IPO market in India has had its share of ups and downs over a period, for more than the last
decade. It has seen a steep rise in the initial years of the post liberalization of Indian
Economy. The growth observed during the first half of the 90s is mostly attributed to the
financial liberalization of the economy. An Initial Public Offering (IPO) is the first sale of
corporation’s common shares to investors on a public stock exchange. The main purpose of
an IPO is to raise capital for the corporation. This study investigates 251 IPOs for measuring
listing performance and 225 IPOs for measuring medium and long term performance, which
raised capital, have been listed on NSE between Nov. 1994 and April 2006. Underpricing of
an IPO has been measured as the return on the first day of trading while Underperformance
means negative returns accrued to the investors holding these IPOs in the long run.

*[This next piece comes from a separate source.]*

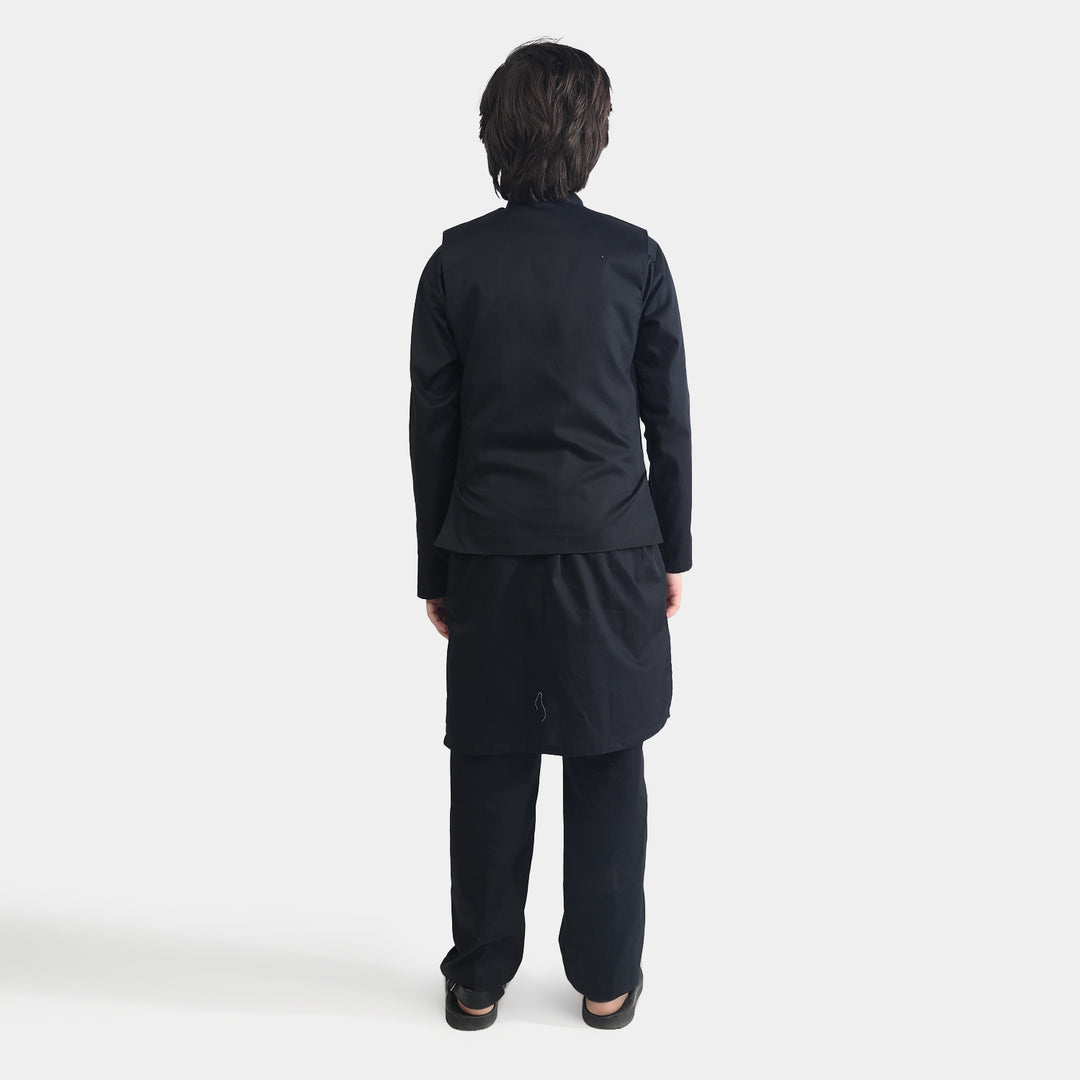 Boys Cotton Poplin 3 Piece Suit-BLACK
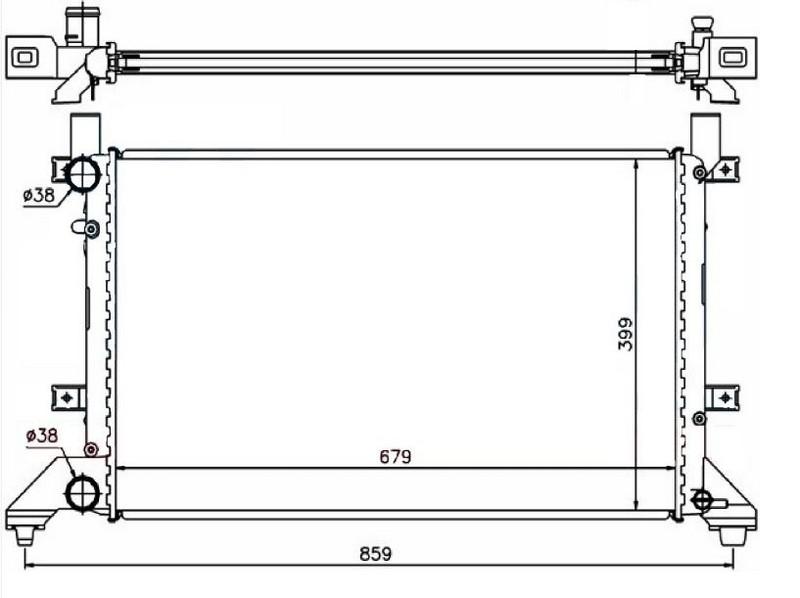 RADYATÖR LT28-35-LT28-46 2.5TDI-2.8TDI (AC+KLİMASIZ+MEK) (685x415x34) - ORIS - OEM 2D0121253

The
finding of study reveals an average initial returns or underpricing of 40.08 Per cent and if
underpricing is adjusted to market return (using Nifty) for same period, the returns decline to
39.36 Per cent. To get possible explanation for short run, medium and long run underpricing
for IPOs, factors like Offer Price, Offer Date, Offer Size, Listing Date, Age, Industry, Lead
manager and Oversubscription of IPOs are considered. The empirical results suggests that
factors including oversubscription, inverse of IPO price, year dummy for 2001, activity based
industry dummy for software and Lead Manager have significant impact on underpricing.
While the first four are positively related, the last variable is negatively related with
underpricing. As far as medium and long run performance is considered Age, Listing Delay,
Reciprocal of IPO price, Lead Manager, Oversubscription, Dummy in year 2005, Financial
service Industry have been found significant either at the end of first, second or third year.